Menurut Bobi, tindakan ini melanggar Pakta Integritas yang telah ditandatangani oleh seluruh anggota KPU Bolmut. “Pakta Integritas itu bukan sekadar dokumen formalitas. Isinya adalah janji untuk menjalankan tugas dengan profesional, transparan, dan akuntabel, serta menjauhi praktik korupsi, kolusi, dan nepotisme. Dan poin kedua dari pakta tersebut secara tegas melarang anggota KPU terlibat dalam perbuatan tercela, termasuk nepotisme. Jika ini dilanggar, maka mereka tidak layak duduk di posisi tersebut,” tegas Bobi.
Dia menambahkan, “Kami menuntut Dewan Kehormatan Penyelenggara Pemilu (DKPP) untuk segera menyelidiki kasus ini dengan serius. Jika terbukti ada nepotisme, maka langkah tegas harus diambil. Jangan sampai rakyat merasa dikhianati oleh lembaga yang seharusnya menjaga demokrasi kita.”
Ketua KPU Bolmut, Jamaludin Djuka, berusaha meredam situasi dengan menyangkal tuduhan tersebut. “Saya ingin menegaskan bahwa tidak ada satupun anggota keluarga saya, khususnya yang bermarga Djuka, yang lolos dalam rekrutmen PPS ini,” katanya dengan nada tegas, berusaha meyakinkan publik bahwa proses seleksi sudah dilakukan dengan adil dan tanpa intervensi pribadi.
Namun, bantahan ini tidak serta merta meredakan kecurigaan publik. Masyarakat Bolmut sudah telanjur kehilangan kepercayaan, merasa bahwa penyangkalan tersebut hanya upaya untuk menutupi kenyataan yang ada.

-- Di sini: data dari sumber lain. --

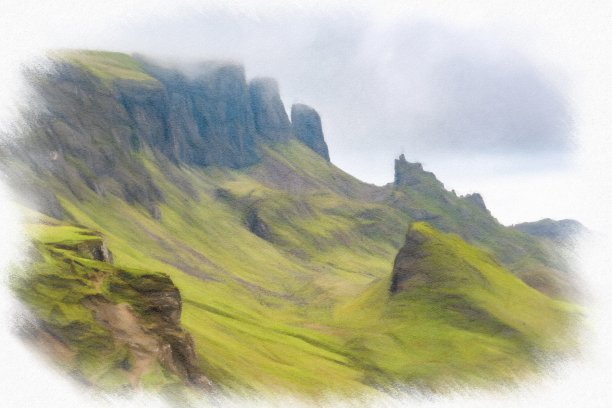 画水彩。山景观图片下载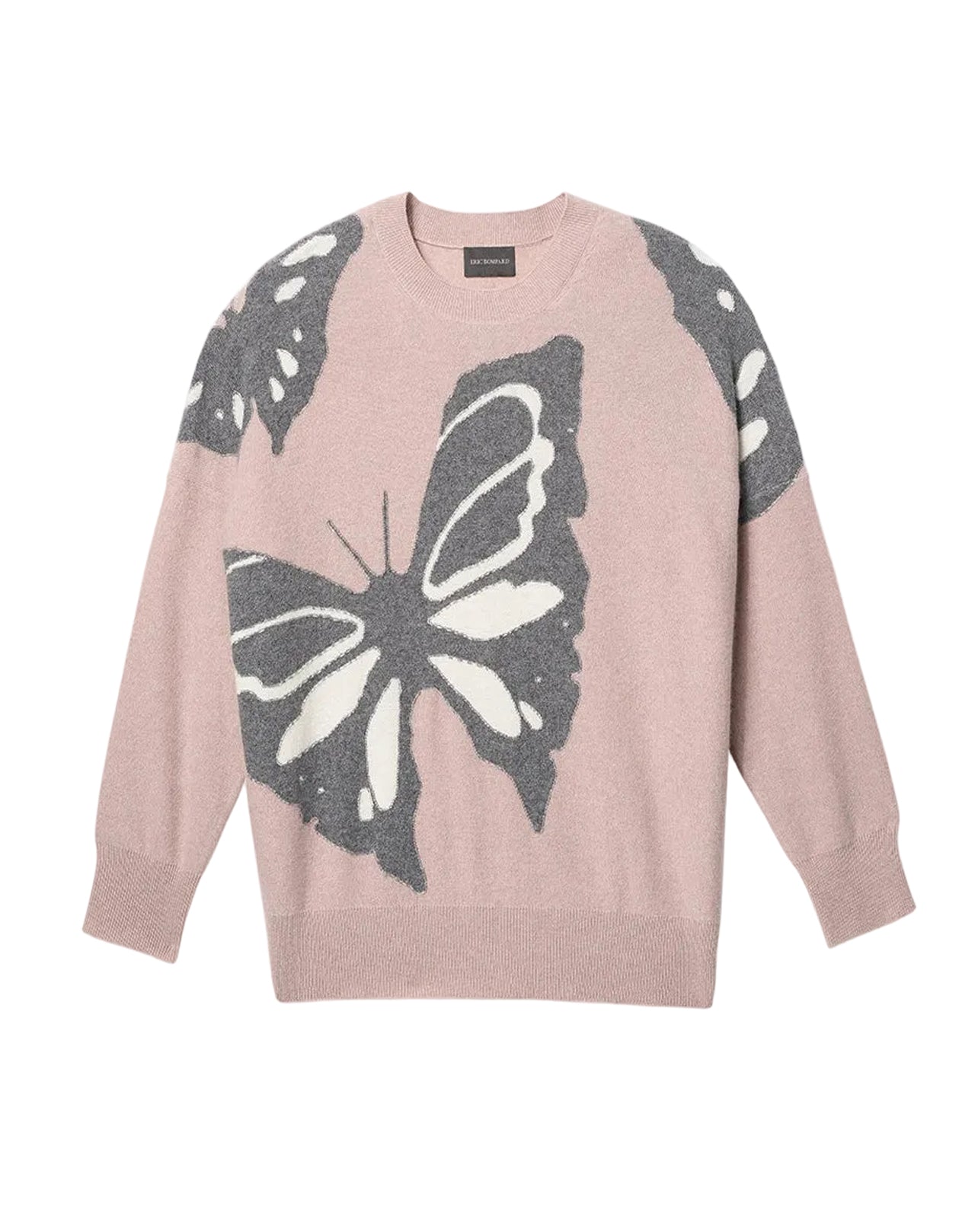 Pull col rond ample intarsia papillons en cachemire -  Petale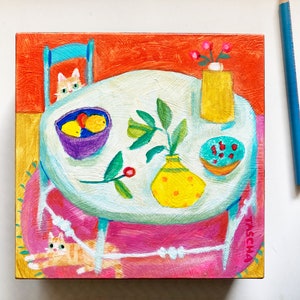 Pintura de gatos atigrados naranjas, arte popular, acrílico sobre panel de madera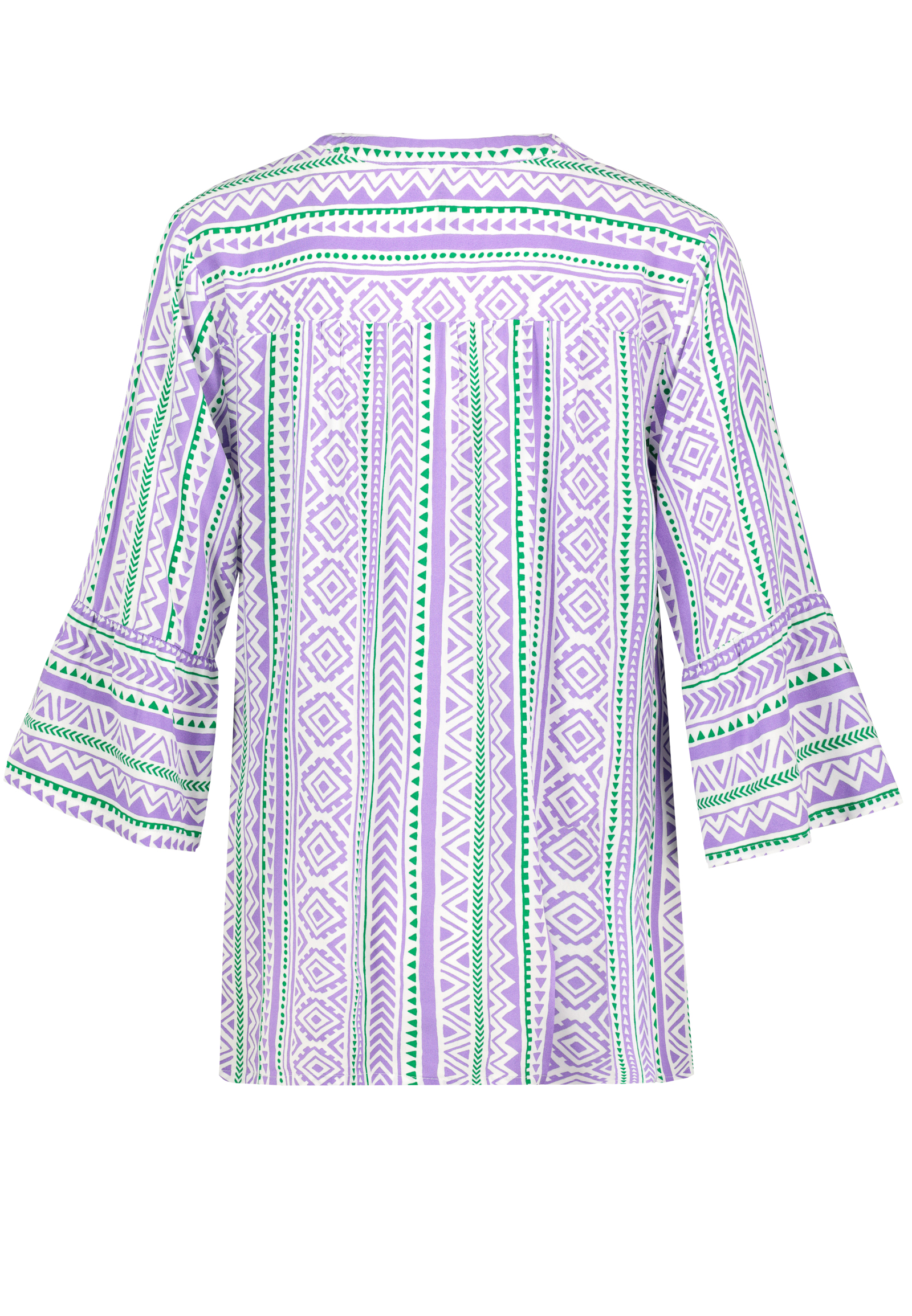 Sublevel Gemusterte Boho Tunika mit Trompetenärmeln – Lila, Bild 2
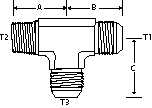 TEE -8 M-JIC X 1/4" M-NPT X -8 M-JIC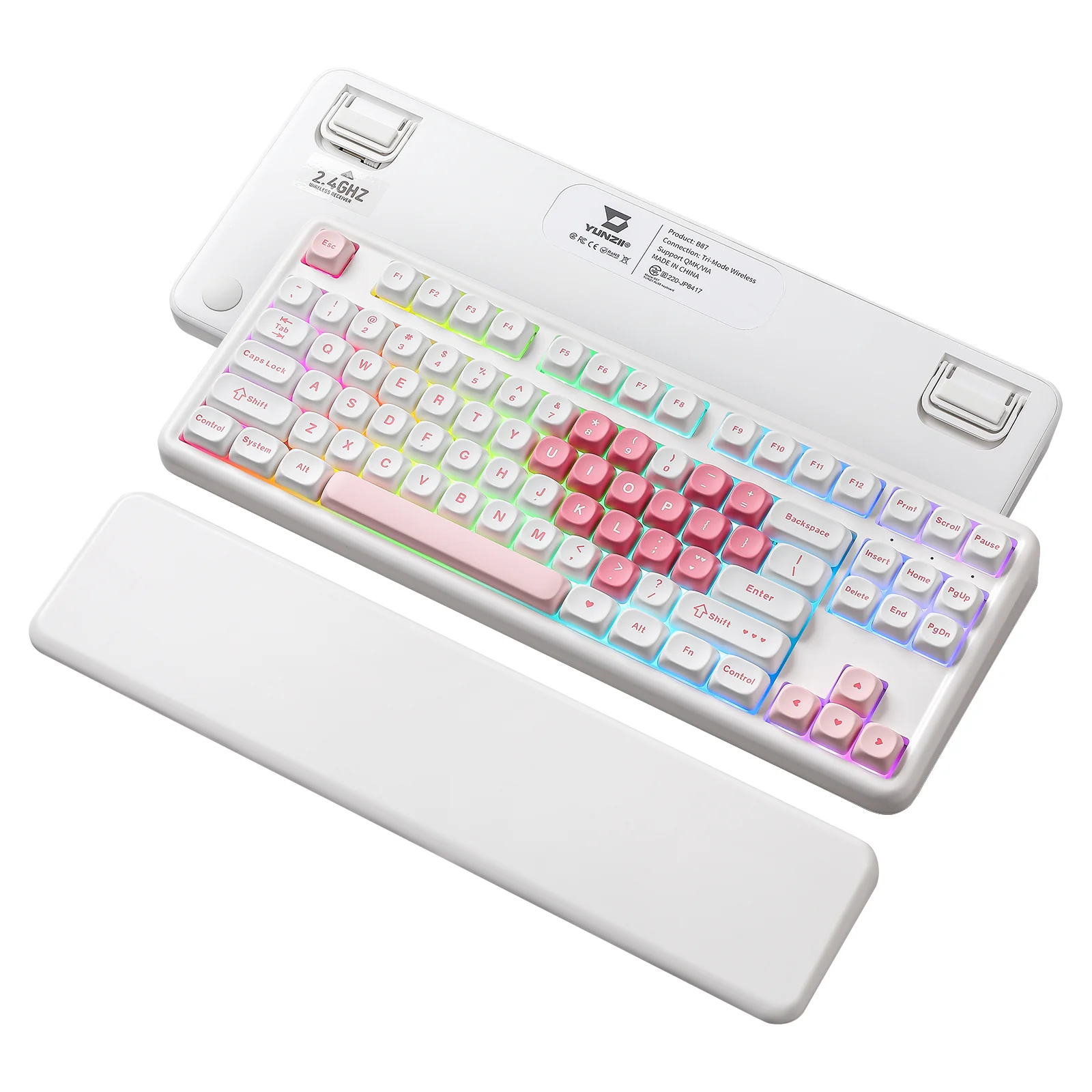 YUNZII B87 White Heart QMK/VIA Custom Mechanical Keyboard - Image 17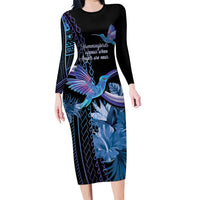 Polynesian Memorial Family Matching Long Sleeve Bodycon Dress and Hawaiian Shirt Hummingbirds Appear When Angels Are Near LT14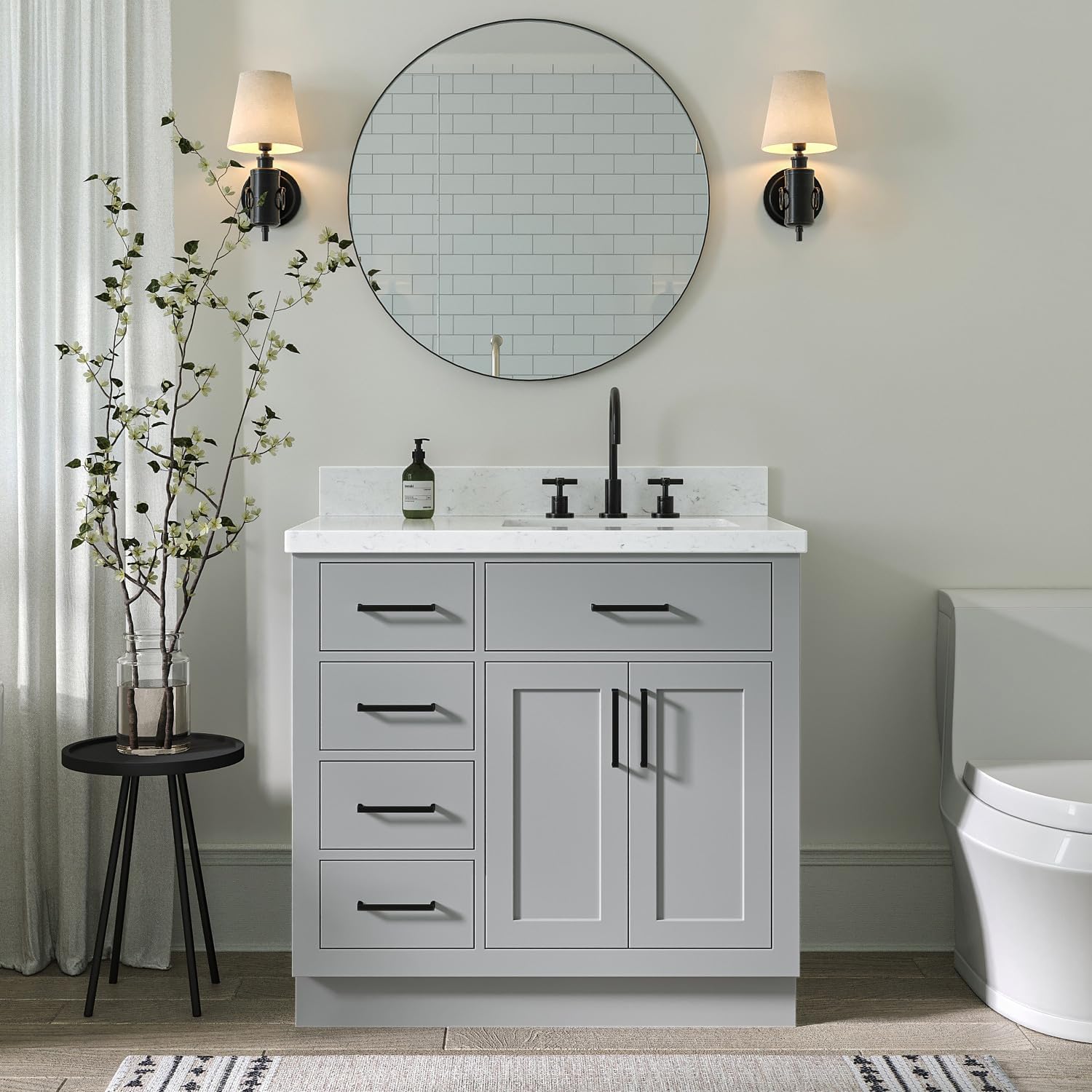 ARIELHepburn 36" Grey Bathroom Vanity, 1.5" Edge Carrara Quartz Countertop & Splash, Right Rectangular Sink, 2 Soft Closing Doors, 5 Full Extension Dovetail Drawers, Toe Kick, Matte Black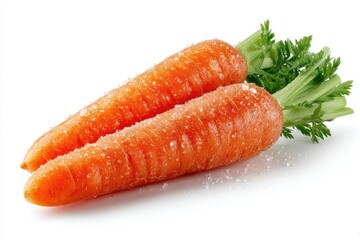 Two fresh carrots with green tops, slightly frosted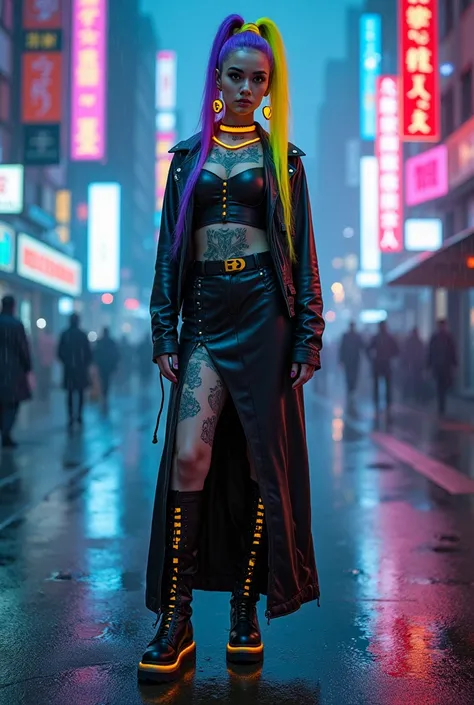  Full-length Cyberpunk girl with yellow neon hair in a high ponytail,  gradient in purple at the tips  , and very large F size breasts,  hair accentuated by a fitted top with neon inserts .  Holographic skin with neon tattoos . She is wearing a buttoned la...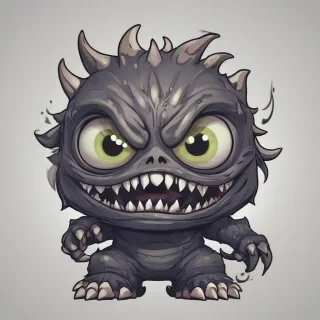 chibi - anime style evil monster, on a plain white background, even lighting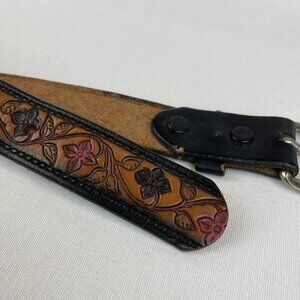 Little Girls Tooled Leather Western Belt Floral "Sue" Silver Buckle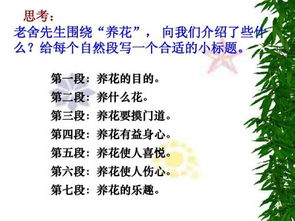 六級下冊語(yǔ)文養花的資料
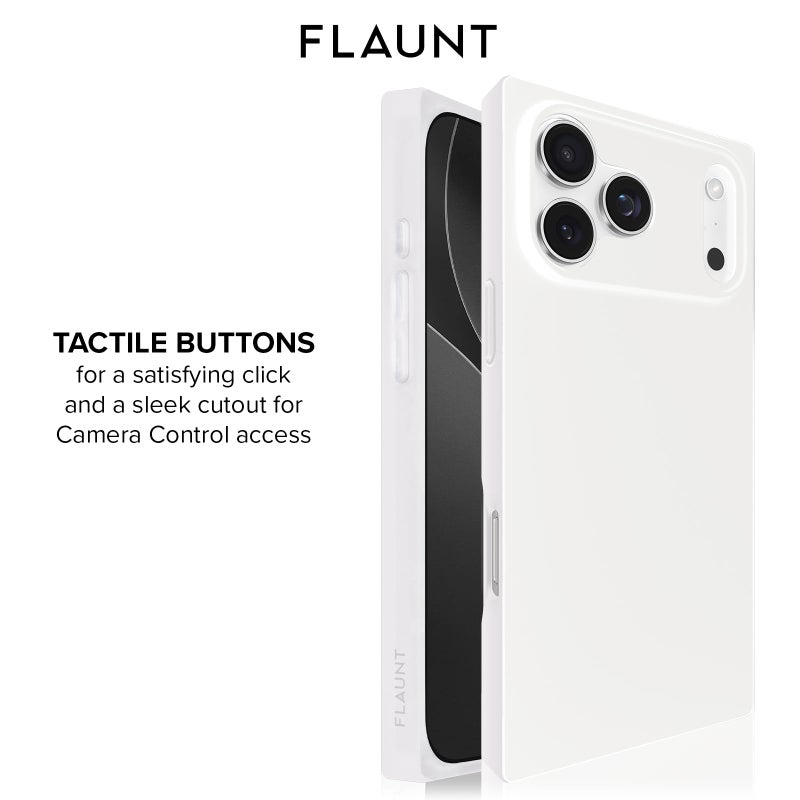 Flaunt Official Square Protective Case - Compatible with iPhone 17 Pro Max - Compatible with MagSafe & Wireless Charging - Drop-Tested & Shockproof - (White) - Image 5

Aktivis anti-korupsi juga angkat bicara. “Nepotisme dalam institusi penyelenggara pemilu adalah racun bagi demokrasi. Jika ini dibiarkan, maka kita memberi sinyal bahwa pelanggaran semacam ini dapat diterima. DKPP harus bertindak cepat dan tegas. Jika tidak, maka rakyat akan mengambil tindakan sendiri,” ujar salah satu aktivis yang enggan disebutkan namanya.
Situasi ini mengundang perhatian media nasional, membuat sorotan terhadap KPU Bolmut semakin tajam. Kejadian ini menjadi pengingat betapa rapuhnya kepercayaan publik terhadap institusi pemerintahan dan betapa pentingnya menjaga integritas dan transparansi dalam setiap langkah.
Dengan tekanan yang terus meningkat, DKPP diharapkan segera mengambil langkah nyata untuk menyelidiki dan menyelesaikan kasus ini. Hanya dengan tindakan tegas dan transparan, kepercayaan masyarakat terhadap penyelenggara pemilu bisa dipulihkan dan demokrasi dapat berjalan sesuai dengan harapan.
Masyarakat Bolmut, dan Indonesia pada umumnya, menanti dengan cemas hasil investigasi ini. Mereka berharap keadilan ditegakkan tanpa pandang bulu, sehingga pemilu dapat berlangsung dengan jujur, adil, dan tanpa noda nepotisme.